• [SOURCE DATA]:

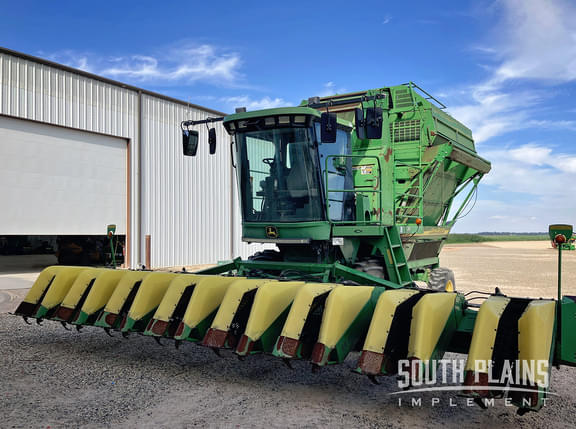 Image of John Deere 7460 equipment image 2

==

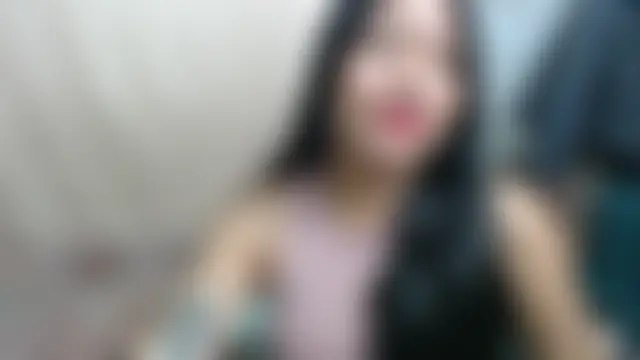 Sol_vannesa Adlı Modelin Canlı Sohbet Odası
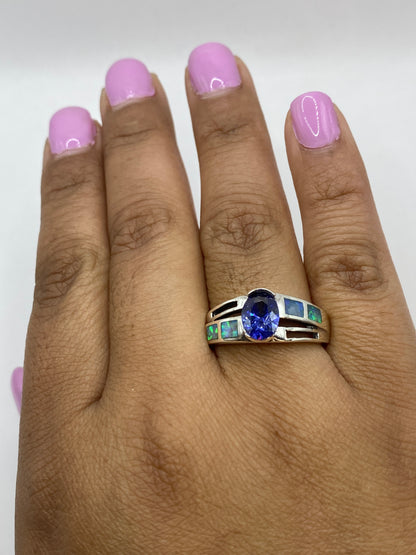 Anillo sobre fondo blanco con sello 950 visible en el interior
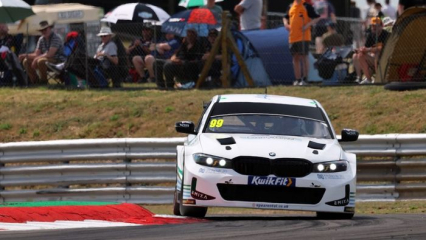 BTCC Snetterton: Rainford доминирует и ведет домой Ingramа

• [WHAT IS EXPECTED]: Print nothing but the lines above starting with the line that contains "Anillo sobre fondo" and going on through the line that contains "BTCC Snetterton: Rainford". Leave out the pictures.

• [RESPONSE AREA]:
 Anillo sobre fondo blanco con sello 950 visible en el interior
 BTCC Snetterton: Rainford доминирует и ведет домой Ingramа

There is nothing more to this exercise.